The latest PMI survey of business activity offered few hints that growth will pick up imminently, but there were at least signs that services price pressures are easing. The overall composite reading of services and manufacturing fell from 52.2 in October to 50.5 in November (50 being the dividing line between expansion and contraction). Services dropped from 52.3 to 50.5, suggesting that pre-Budget concerns are weighing on consumers and employers. The manufacturing output reading fell from 51.6 to 50.6. The sharp fall in the services output prices balance, from 54.2 in October to almost a five-year low of 50.7 in November, is consistent with services CPI inflation easing from 4.5% in October to around 2.5% in six months’ time according to Capital Economics. And the fall in the composite employment balance, from 49.3 to 45.3, points to further modest falls in payroll employment in the coming months as firms delay hiring plans ahead of this week’s big Budget event. This sets up a Bank of England interest rate cut in December – the market-derived probability of that happening has risen to 86%. And now we hold our breath till Wednesday…

The United States flag

US

We finally got the long-delayed September employment data, with non-farm payrolls rising by an unexpectedly high 119,000 after a downwardly revised -4k in August. Net revisions subtracted 33k from prior months, with two of the last four months reported now showing falls. September’s job gains were concentrated in education and health services, sectors that are not necessarily representative of the wider economy, while cyclical sectors showed minimal growth. Unemployment ticked up to 4.4%, above the Federal Reserve’s (Fed’s) longer-run estimate, mainly due to more people re-entering the labour force.

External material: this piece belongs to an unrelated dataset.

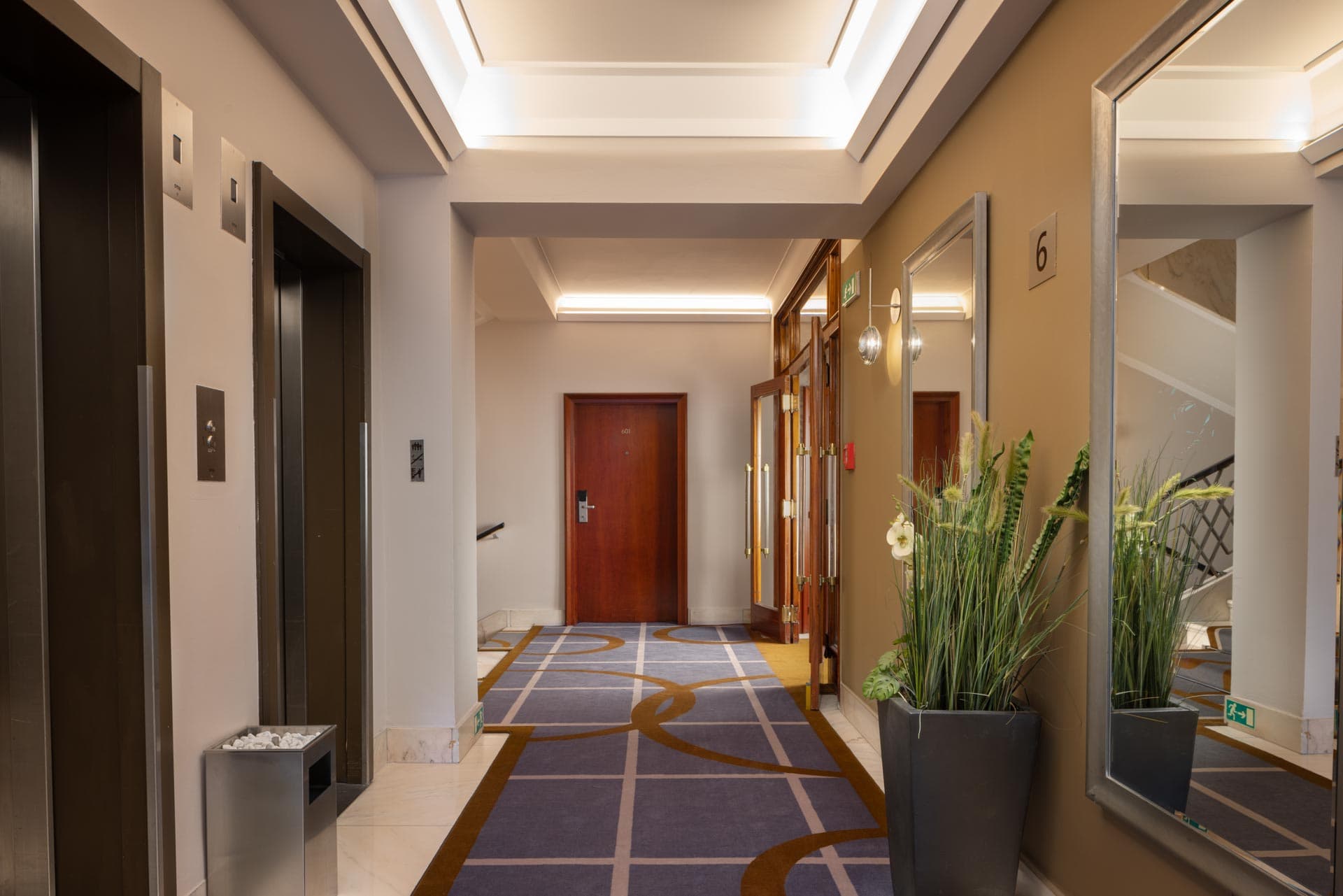 Jalta Boutique Hotel Prague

Monthly wage growth slowed to 0.2% (a 3.8% annual pace).  There is little doubt that the US labour market has slowed. There are minimal signs of widespread labour-shedding yet – it remains a ‘no hire, no fire’ economy – although there have been some large redundancy rounds made with companies giving AI developments as the reason. This is an area worth watching. The Fed is more divided than ever about what it will decide to do in December. It seems sensible to wait and see what the next data releases convey. 
 

The European Union flag

Europe

The Eurozone composite PMI was broadly unchanged in November at 52.4, exactly in line with its long-run level and well above the average of 50.6 in the first nine months of 2025. The separate services and manufacturing PMIs were also both steady in November. This means the PMIs continue to signal a services-led expansion, as manufacturing exports continue to struggle with US tariffs and reduced opportunities in China. Germany’s composite PMI reversed most of last month's gain, brining into question the pace of its fiscal stimulus-led recovery. The upturn in services growth was short-lived and the manufacturing data showed a renewed fall. This was offset by an improvement in the French composite PMI to a 15-month high. Even so, this only signals stabilisation in activity after recently pointing to declines. The Eurozone’s consumer confidence indicator was also stable in November. Overall in Europe, Citigroup’s economic surprises indicator remained positive at a healthy reading of 17.